Cuando no dejamos ir: el duelo interrumpido y la melancolía moderna
Vivimos rodeados de recuerdos digitales y evitamos el dolor; pero negar la pérdida tiene un costo emocional profundo
En 1917, poco antes de cumplir 59 años, Sigmund Freud escribe Duelo y melancolía, su primer análisis de algo tan doloroso y exigente para el ser humano como la pérdida de un ser querido. Esta demora se entiende si concedemos que, para explicarla, primero tuvo que formular las leyes del inconsciente y establecer una técnica para incidir en los sentimientos que no llegan a la consciencia. Freud nos legó una imagen clara del duelo: una persona pierde a un ser querido y es consciente de ello.
Le sigue el trabajo de duelo: progresivamente, el doliente va desligando de la realidad a la persona perdida. Pasado un tiempo, se acepta la ausencia y se aprende a vivir con ella. La melancolía, en cambio, siempre le pareció más compleja. La pista decisiva fue esta: “el melancólico sabe a quién perdió, pero no lo que perdió en él”.
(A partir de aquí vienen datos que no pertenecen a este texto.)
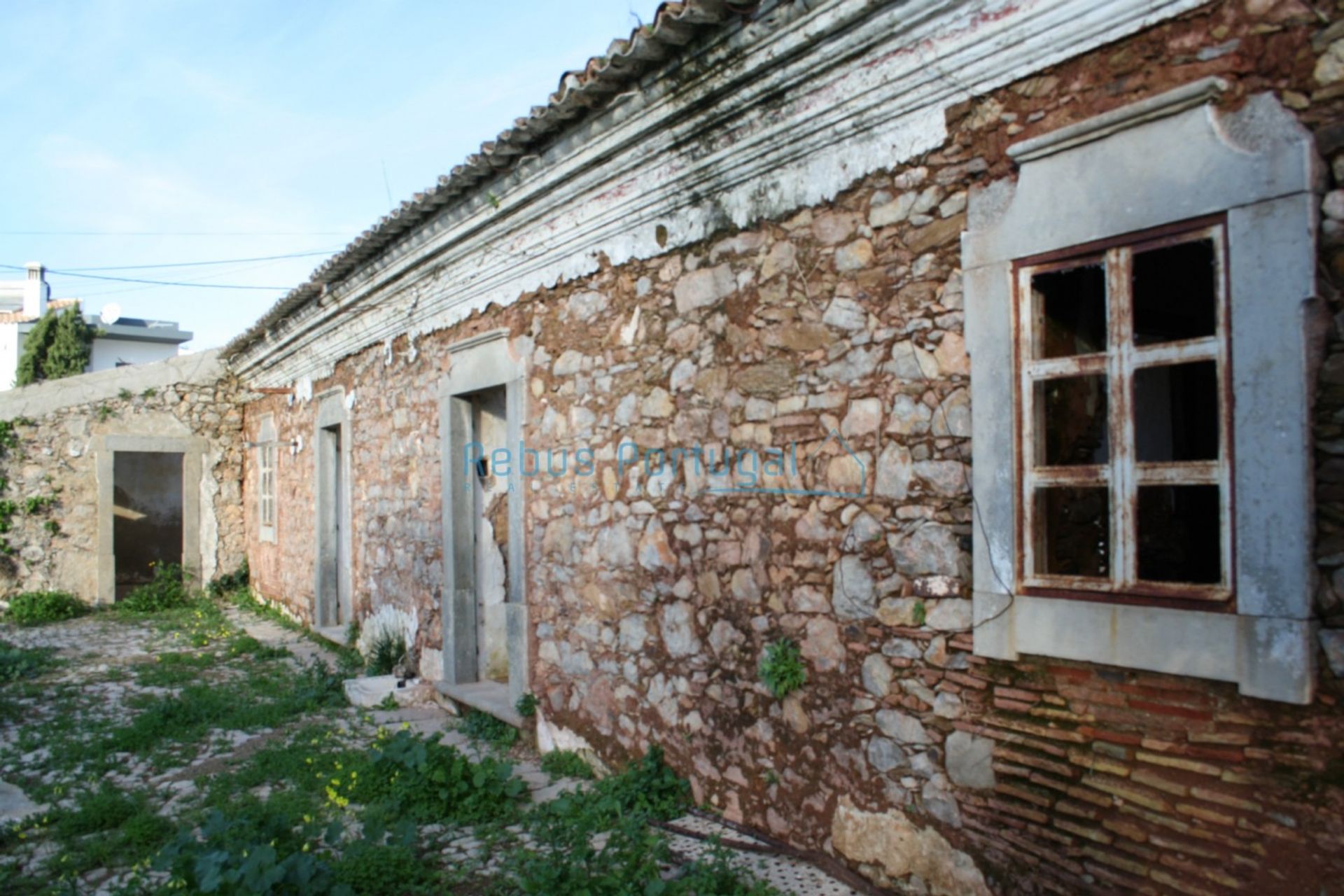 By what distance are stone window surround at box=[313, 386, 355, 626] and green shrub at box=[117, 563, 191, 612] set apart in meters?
3.68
La paradoja de recordar sin dejar ir
Vivimos en un mundo que rechaza la pérdida. El duelo se interrumpe con las incesantes formas en que buscamos no enfrentar el dolor de la ausencia. Hoy no hay despedidas definitivas: videos, fotos, mensajes de voz y hasta servicios que digitalizan a quienes ya no están permiten conservar una presencia inédita.
Así, quedamos en una situación extraña: sabemos que perdimos a alguien, pero no damos suficiente tiempo ni espacio a su ausencia para comprender qué de nosotros se fue con esa persona.
Lo inconsciente tiene momentos privilegiados para hacerse sentir, y la muerte de un ser querido es uno de los más importantes. No se convoca ni se controla a voluntad.
Requiere un esfuerzo psíquico permitir que nuestros sentimientos inconscientes acepten la falta y la separación de quien -o de lo que- se ama.
Aceptar el carácter transitorio de la vida, por más doloroso que sea, es lo que nos da cauce y propósito.
Negarlo nos convierte en una sociedad melancólica: cansada, drenada por esfuerzos vanos para apartar las pérdidas de la vida.
Querer que lo perdido permanezca a cualquier precio se paga con una tristeza generalizada. Se conserva lo perdido dentro de uno, pero al precio de perder vitalidad en el intento.